What this task involves.
Copy exactly, and only, the lines from the one with "Wandsworth Road London" to the end of the listing; omit pictures.

Data extracts.

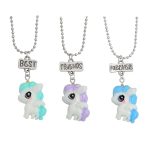 Trois colliers avec des pendentifs en forme de licorne. Les pendentifs sont de couleur rose, violet et bleu. Les licornes ont des crinières et des queues colorées. Les colliers sont en métal argenté.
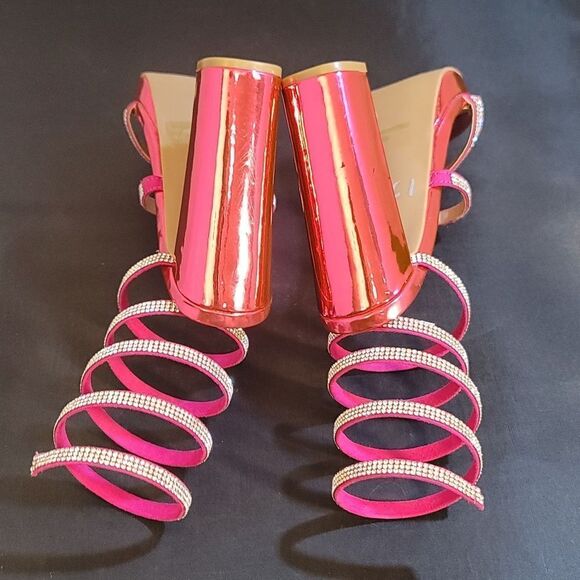 BRAND NEW WILD DIVA LOUNGS RHINESTONES EMBELLISHMENTS SANDAL - Picture 12 of 15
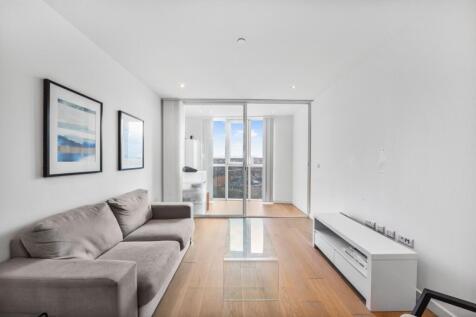 Wandsworth Road London SW8 1 bed apartment for sale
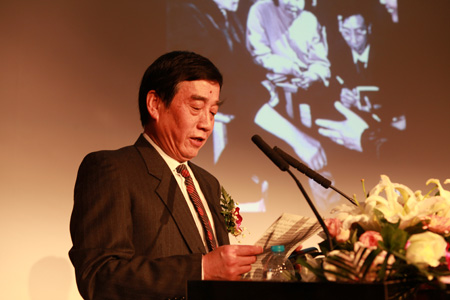 图为毛序国现场激动发言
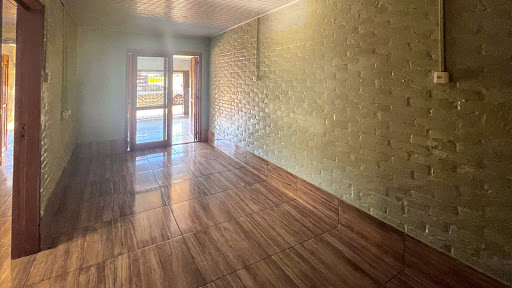 Casa no Santa Vitória com 2 dormitórios e pátio com piscina - Foto 12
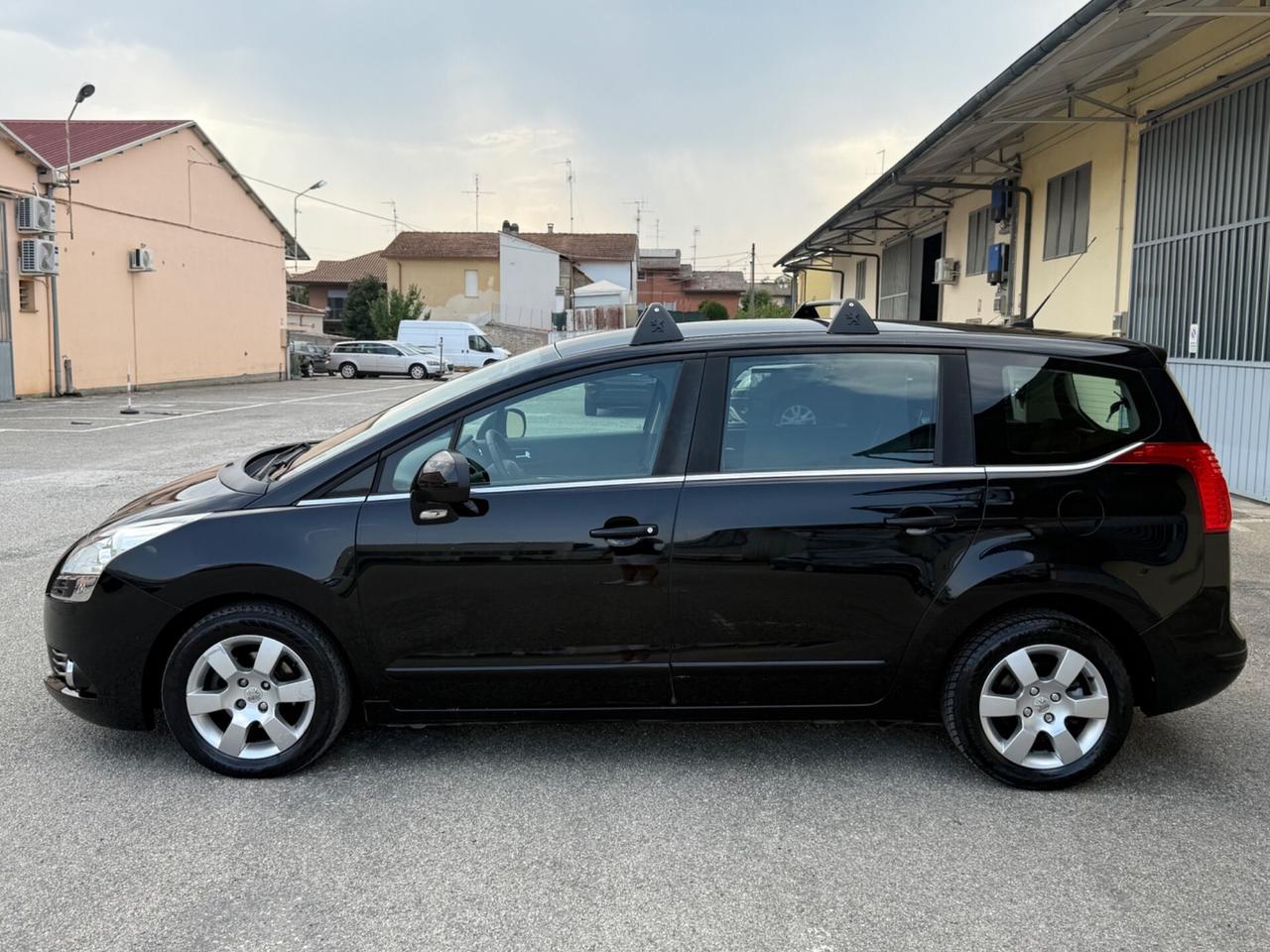 Peugeot 5008 1.6 HDi 112CV 7 posti 2013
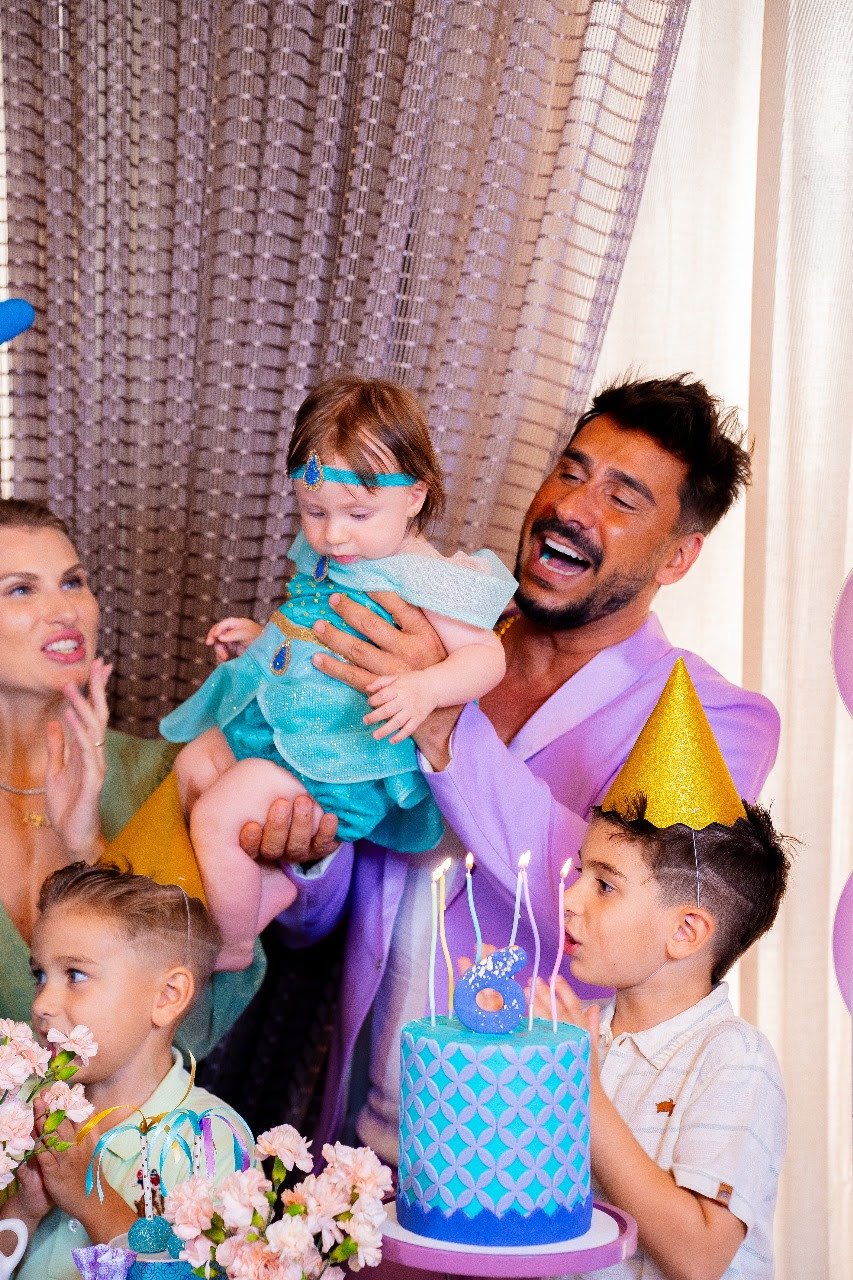 Julio Rocha celebra mesversário da caçula e semelhança com o ator chama atenção dos internautas - imagem 4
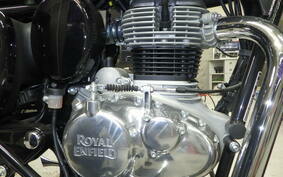 ROYAL ENFIELD CLASSIC 2023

Solution for this task.
 Wandsworth Road London SW8 1 bed apartment for sale
 图为毛序国现场激动发言
 Casa no Santa Vitória com 2 dormitórios e pátio com piscina - Foto 12
 Peugeot 5008 1.6 HDi 112CV 7 posti 2013
 Julio Rocha celebra mesversário da caçula e semelhança com o ator chama atenção dos internautas - imagem 4
 ROYAL ENFIELD CLASSIC 2023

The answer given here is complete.